Monday, December 9, 2019

Riplinger's New Age Bible Versions


            Gail Riplinger’s book, New Age Bible Versions: An Exhaustive Documentation Exposing the Message, Men and Manuscripts Moving Mankind to the Antichrist’s One World Religion, covers a very wide variety of subjects which are important but tangential to textual criticism in its first four sections.  Finally at page 464, something like a sustained focus upon New Testament textual criticism begins to materialize.  I intend via this post to test the accuracy of this book’s contents beginning at that point; I have no intention of adding anything here to the author’s critiques of some modern versions, or her warnings against the heresies of Helena P. Blavatsky, the New Age Movement, etc., which can be found in the earlier segment of the book.

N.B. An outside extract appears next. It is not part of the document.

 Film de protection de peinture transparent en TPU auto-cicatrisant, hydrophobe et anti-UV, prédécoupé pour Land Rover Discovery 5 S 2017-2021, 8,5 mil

            In section 34, “The Majority Text,” the author used quotations from Wilbur Pickering and John Burgon (both of whom, while opposing the 1881 Westcott-Hort compilation, reject some readings in the Textus Receptus, the New Testament base-text of the KJV).  She seems to believe that the Majority Text and the Textus Receptus are the same thing, and readers might be forgiven for drawing such a conclusion in light of sentences such as the one found on page 471:  referring to the Byzantine Text, Riplinger states, “This text type is available today in English in the Authorized Version, or as it is called in the United States, the King James Version.”  That is not 100% true:  when the Byzantine Text (as printed in the Robinson-Pierpont Byzantine Textform 2005 ed.), representing the contents of most Greek manuscripts, is compared to the Textus Receptus, there are some translatable differences.  With apologies for veering away from my main subject, here are some examples:
            ● Matthew 8:15:  most manuscripts end the verse by stating that Peter’s mother-in-law served “Him” (αὐτω) rather than “them” (αὐτοις), the TR reading.
            Matthew 18:19:  after πάλιν, most manuscripts have ἀμὴν, so as to read “Verily” or “Assuredly.”

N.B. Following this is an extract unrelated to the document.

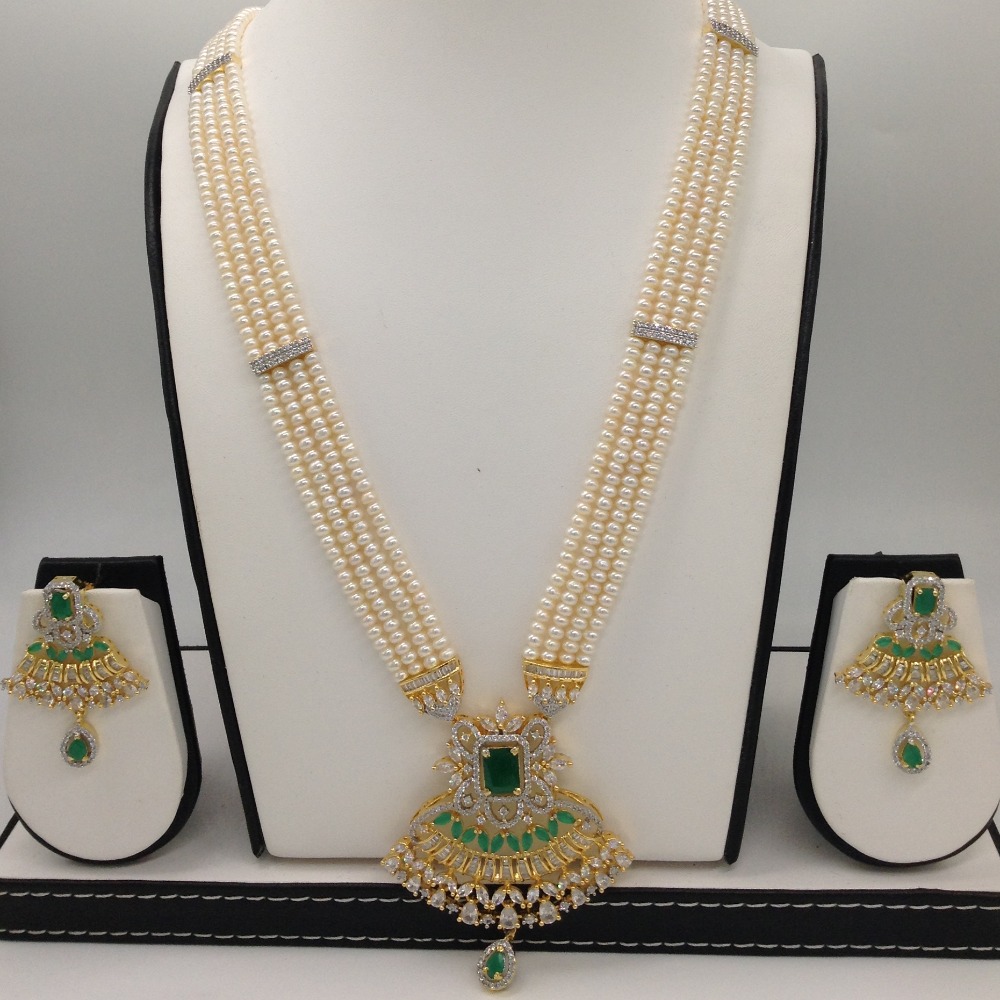 White,green cz rani haar set with 4 lines flat pearls jps0453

            Mark 4:4:  most manuscripts do not have “of the air” (τοῦ οὐρανοῦ).
            Mark 4:9:  most manuscripts do not have “to them” (αὐτοῖς).
            Luke 6:10:  most manuscripts say αὐτῷ (“him”) rather than τῷ ἀνθρώπῷ (“the man”).

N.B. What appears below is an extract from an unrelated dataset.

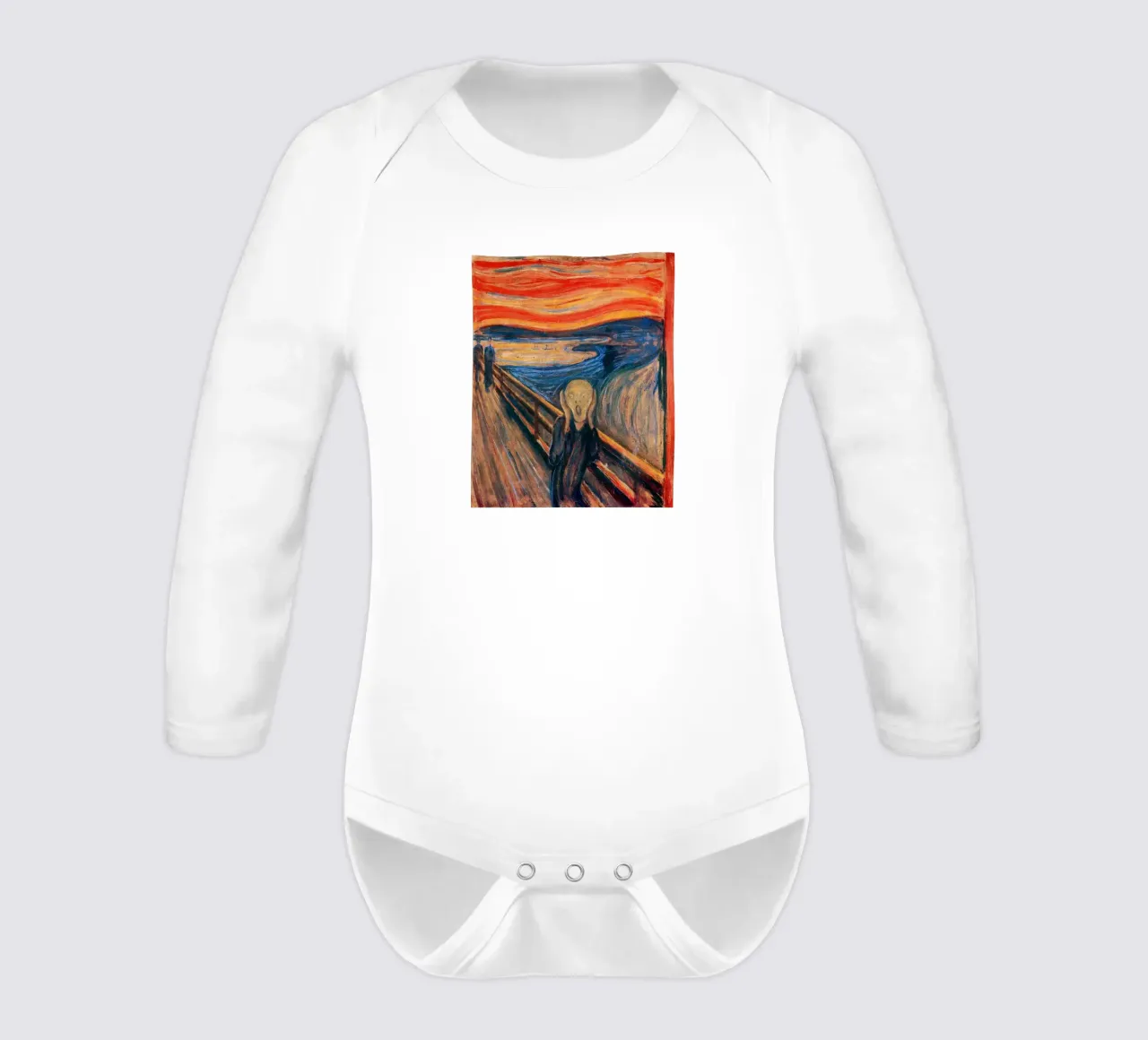 Edvard Munch long-sleeve baby romper by Brooke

            Luke 7:31:  most manuscripts do not have the phrase “And the Lord said” (Ειπεν δε ὁ Κύριος) at the beginning of this verse.
            Luke 8:3:  most manuscripts say that the women ministered “to them” (αὐτοις) instead of “to Him” (αὐτω). 
            Luke 23:25:  most manuscripts do not say that Barabbas was released “to them” (αὐτοις).
            John 2:22:  most manuscripts do not say “to them” (αὐτοῖς).
            John 7:33:  most manuscripts do not say “to them” (αὐτοῖς).
            John 20:29:  most manuscripts do not have Thomas’ name (Θωμᾶ) in this verse.
            Acts 7:37:  most manuscripts do not have the words “him you shall hear” (αὐτοῦ ἀκούσεσθε).
            Acts 9:5-6:  in most manuscripts, there is no base-text for the words, “It is hard for thee to kick against the pricks.’   And he trembling and astonished said, ‘Lord, what wilt thou have me to do?’  And the Lord said unto him.”  (These words in the KJV appear to have been based on a harmonization to the similar passage in Acts 26:14-16.)
            Acts 10:6:  most manuscripts provide no base-text for the KJV’s phrase “He shall tell thee what thou oughtest to do.”
            Acts 15:11:  most manuscripts do not include the word Χριστου (“Christ”).
            Acts 15:34:  most manuscripts provide no base-text for this entire verse.
            Ephesians 3:9:  most manuscripts read οἰκονομία (“dispensation”) instead of κοινωνια (“fellowship”).
            Philippians 4:3:  most manuscripts read Ναι (“Yes”) instead of Και (“And”) at the beginning of this verse.
            Colossians 1:6:  most manuscripts include the words καὶ αὐξανόμενον (“and growing”), a phrase which would be vulnerable to accidental loss due to its occurrence between the words καρποφορούμενον and καθως.
            Second Timothy 1:18:  most manuscripts do not include μοι (unto me).
            Second Timothy 2:19:  most manuscripts read Κυρίου (“the Lord”) instead of Χριστου (“Christ”) at the end of this verse.
            Titus 2:8:  most manuscripts refer to things said about “us” (μῶν) instead of “you” (ὑμῶν). 
            Hebrews 2:7:  most manuscripts have no base-text for the final phrase, “And did set him over the works of Your hands.”
            Revelation 1:11:  most manuscripts do not include the phrase ταις ἐν Ἀσία (“which are in Asia”).         
            Revelation 2:22:  most manuscripts read αυτης instead of αυτων, so as to refer to repentance from “her” works, rather than “their” works.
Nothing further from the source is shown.